Why are you running for the position of student representative on Senate?
I see a lot of changes happening as far as making the university look real nice and progressive on the outside, but not so much on the inside as far as day-to-day student life at UFV. I feel there’s less clubs now than from when I started … the student tutoring services that were first available in the SLG are less frequent now. As far as academic-wise and student life, I feel like there’s a lot of things lacking and I want to bring a lot of change where I feel change is necessary.

I have three main things on my platform: financial aid opportunities, more awareness about mental health and some amenities for that, and integrating more students, especially the international students that are coming in — I feel like there’s a real divide in the student population as far as international students and domestic students.

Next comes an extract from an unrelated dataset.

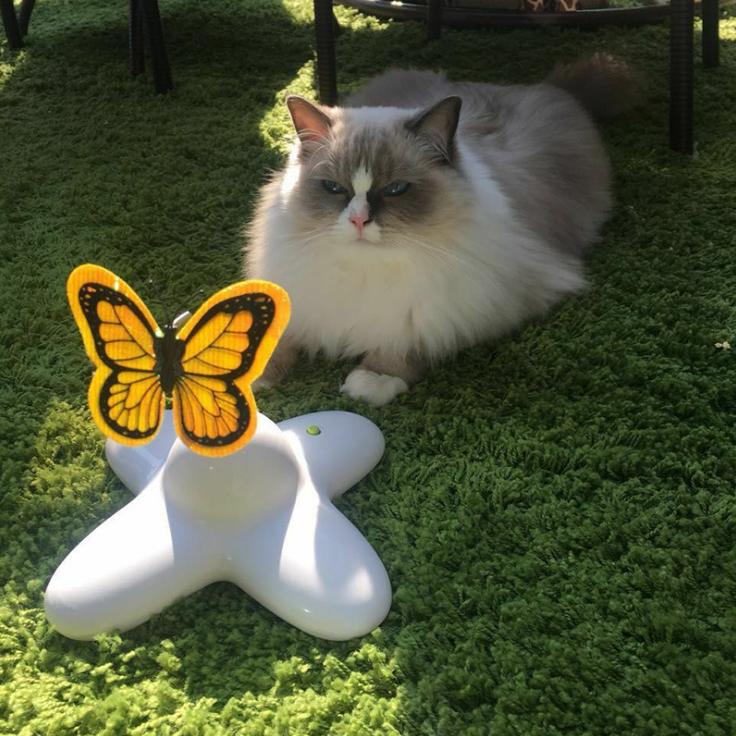 Fluttering Butterfly Automatic Interactive Cat Toy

What is your background knowledge of Senate?
I’m not going to lie and pretend like I’ve been really involved in UFV politics since I started coming to the school. I don’t have much knowledge about Senate, but I’ve always been really curious and I’m always open to learn. When I see issues at hand, and they’ve been lingering around for a while and I don’t see anybody else stepping up to the plate to solve them, I never hold back in being the one who does so.

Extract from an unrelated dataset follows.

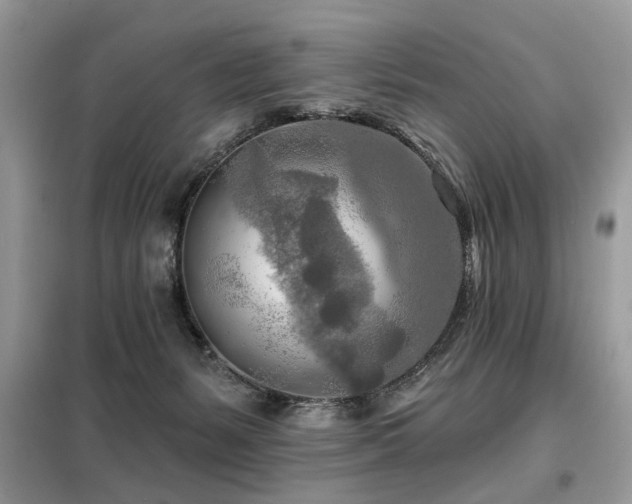 X0000099450127200805091514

How will you represent the student body in Senate?
I plan to represent it by putting the students first. UFV feels really homely; it may be small, but I feel like that makes it easier for everyone to be well connected. In Senate, I’m going to promote that. I feel like that is what the students want; they want more interconnectedness.

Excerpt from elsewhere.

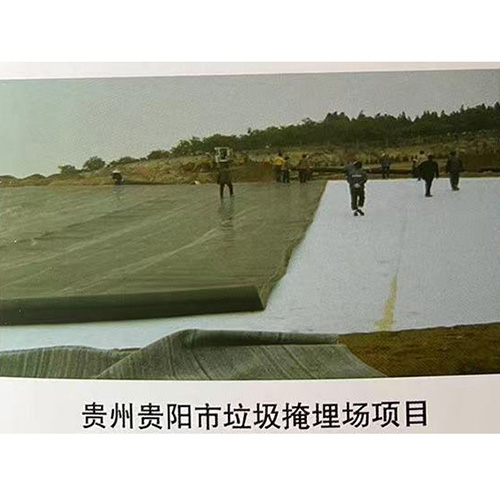 貴州貴陽(yáng)市垃圾掩埋場(chǎng)項目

I’ve seen different students in different fields of study and what sort of issues they have with the school, and I want to brings those issues to the forefront. I want to make sure the Senate is working for the students and not the other way around.

How do you plan on communicating with students on decisions and discussions of Senate?
I’m a huge fan of face-to-face interaction, but we all go to college, we all know how busy everyone can get, and that’s not always possible. My main goal will be to push so that we can get more clubs and associations open, because then it becomes easier to talk to the heads of those clubs and get the consensus instead of talking to a hundred people.

I want to have an open conversation, develop some sort of platform where that communication can happen. My first move would be to develop that platform, whether it’s through social media, through clubs an efficient one, one that’s easy to use, that people don’t mind using, and maybe can even be anonymous if needed.

What do you think is the most pressing issue right now on campus?
The integration of students, parking, and cafeteria hours. UFV is getting all this tuition from students; they should have enough money to build more parking stalls. And in an environmentally friendly way, not chopping down a bunch of trees and then expanding the lot. It has to be sensible. And more food options, because when I have a three-hour lecture and a 15-minute break and the line at Tim Hortons takes me a solid 25 minutes — that shouldn’t be happening.

The Canoe was as great concept if it was more of a cafe than a sit-down restaurant. That’s why the price points go up: when you get those gourmet chefs in the back and the servers. But if it’s more of a self-serve type of deal, you can have those lower price points and people can still have a place to have a quick bite to eat.


Tyler Branston

Third year, Bachelor of Arts, double major in sociology and philosophy

Why are you running for the position of student representative on Senate?
I transferred to UFV from Douglas College in 2017 and have enjoyed my time thus far. However, there are aspects of UFV that could benefit from my previous experiences. I can make a difference on the UFV Senate and be an advocate for the student and faculty bodies.

From my own position, after I graduate I am planning on pursuing a career in politics and policy/law. Serving on the UFV Senate will be an invaluable experience.

What is your background knowledge of Senate?
Up until the call for nominations I wasn’t very familiar with the functions of the Senate at UFV. Since then, I’ve been actively looking into the Senate’s functions and its capacity to change things within the university and what is delegated to the board.

How will you represent the student body in Senate?
I will do the utmost in my role on the Senate to make the student experience the best experience possible. I plan on having dialogue with my fellow students, hear their difficulties, and will represent them in Senate. But from my individual standpoint, the two main points I will address are the financial restrictions and course availability and quality.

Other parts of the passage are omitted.